Saved data entries
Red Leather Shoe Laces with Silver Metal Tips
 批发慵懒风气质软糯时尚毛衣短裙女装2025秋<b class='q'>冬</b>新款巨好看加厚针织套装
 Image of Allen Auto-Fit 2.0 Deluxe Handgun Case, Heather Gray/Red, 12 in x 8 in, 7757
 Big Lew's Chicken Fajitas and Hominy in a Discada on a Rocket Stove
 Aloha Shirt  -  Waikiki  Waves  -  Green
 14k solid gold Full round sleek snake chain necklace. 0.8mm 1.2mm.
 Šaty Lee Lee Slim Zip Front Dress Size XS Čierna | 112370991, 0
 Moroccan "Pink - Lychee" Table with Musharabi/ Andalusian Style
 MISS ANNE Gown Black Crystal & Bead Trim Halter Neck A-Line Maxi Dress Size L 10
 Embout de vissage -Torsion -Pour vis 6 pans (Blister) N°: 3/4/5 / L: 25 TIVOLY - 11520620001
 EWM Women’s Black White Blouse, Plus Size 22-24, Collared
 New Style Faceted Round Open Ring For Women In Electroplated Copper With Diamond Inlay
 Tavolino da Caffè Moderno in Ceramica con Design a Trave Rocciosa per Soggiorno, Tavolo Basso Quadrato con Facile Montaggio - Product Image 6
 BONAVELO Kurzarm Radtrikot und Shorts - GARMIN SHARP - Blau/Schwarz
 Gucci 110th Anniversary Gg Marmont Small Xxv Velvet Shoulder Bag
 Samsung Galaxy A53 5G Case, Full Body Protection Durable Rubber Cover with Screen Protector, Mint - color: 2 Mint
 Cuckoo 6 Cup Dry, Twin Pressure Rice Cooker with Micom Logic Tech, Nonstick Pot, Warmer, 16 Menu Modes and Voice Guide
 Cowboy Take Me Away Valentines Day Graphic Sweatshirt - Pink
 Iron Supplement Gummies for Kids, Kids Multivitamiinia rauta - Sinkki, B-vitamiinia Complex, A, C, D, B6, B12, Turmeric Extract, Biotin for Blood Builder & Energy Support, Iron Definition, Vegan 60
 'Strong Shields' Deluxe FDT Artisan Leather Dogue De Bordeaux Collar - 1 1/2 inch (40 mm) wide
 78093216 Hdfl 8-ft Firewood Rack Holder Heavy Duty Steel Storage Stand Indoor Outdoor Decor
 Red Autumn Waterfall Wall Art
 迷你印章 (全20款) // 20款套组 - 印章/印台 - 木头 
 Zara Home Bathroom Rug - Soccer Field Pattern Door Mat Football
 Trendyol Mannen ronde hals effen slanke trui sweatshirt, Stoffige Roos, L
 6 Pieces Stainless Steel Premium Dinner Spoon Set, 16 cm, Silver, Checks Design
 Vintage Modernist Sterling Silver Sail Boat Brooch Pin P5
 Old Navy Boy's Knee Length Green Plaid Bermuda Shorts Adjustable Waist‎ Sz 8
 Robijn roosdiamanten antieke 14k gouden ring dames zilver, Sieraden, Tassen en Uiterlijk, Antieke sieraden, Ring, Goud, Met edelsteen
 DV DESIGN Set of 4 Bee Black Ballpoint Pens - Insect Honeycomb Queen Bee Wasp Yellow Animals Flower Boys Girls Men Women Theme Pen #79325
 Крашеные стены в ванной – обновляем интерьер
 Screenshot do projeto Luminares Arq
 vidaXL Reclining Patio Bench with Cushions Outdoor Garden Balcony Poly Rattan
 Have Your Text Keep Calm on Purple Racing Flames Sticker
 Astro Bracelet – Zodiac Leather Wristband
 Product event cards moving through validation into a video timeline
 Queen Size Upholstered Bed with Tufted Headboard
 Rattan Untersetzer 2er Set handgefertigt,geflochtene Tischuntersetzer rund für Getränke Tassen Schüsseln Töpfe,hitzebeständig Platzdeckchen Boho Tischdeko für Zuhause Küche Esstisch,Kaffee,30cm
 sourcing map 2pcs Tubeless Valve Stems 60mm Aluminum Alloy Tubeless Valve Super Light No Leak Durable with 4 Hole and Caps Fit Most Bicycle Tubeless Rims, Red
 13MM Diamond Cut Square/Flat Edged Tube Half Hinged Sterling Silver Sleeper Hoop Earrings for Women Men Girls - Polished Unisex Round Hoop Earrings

The problem: Determine the number of lines in the entries above where the string "Queen" appears. Answer with the number alone.

Answer: 2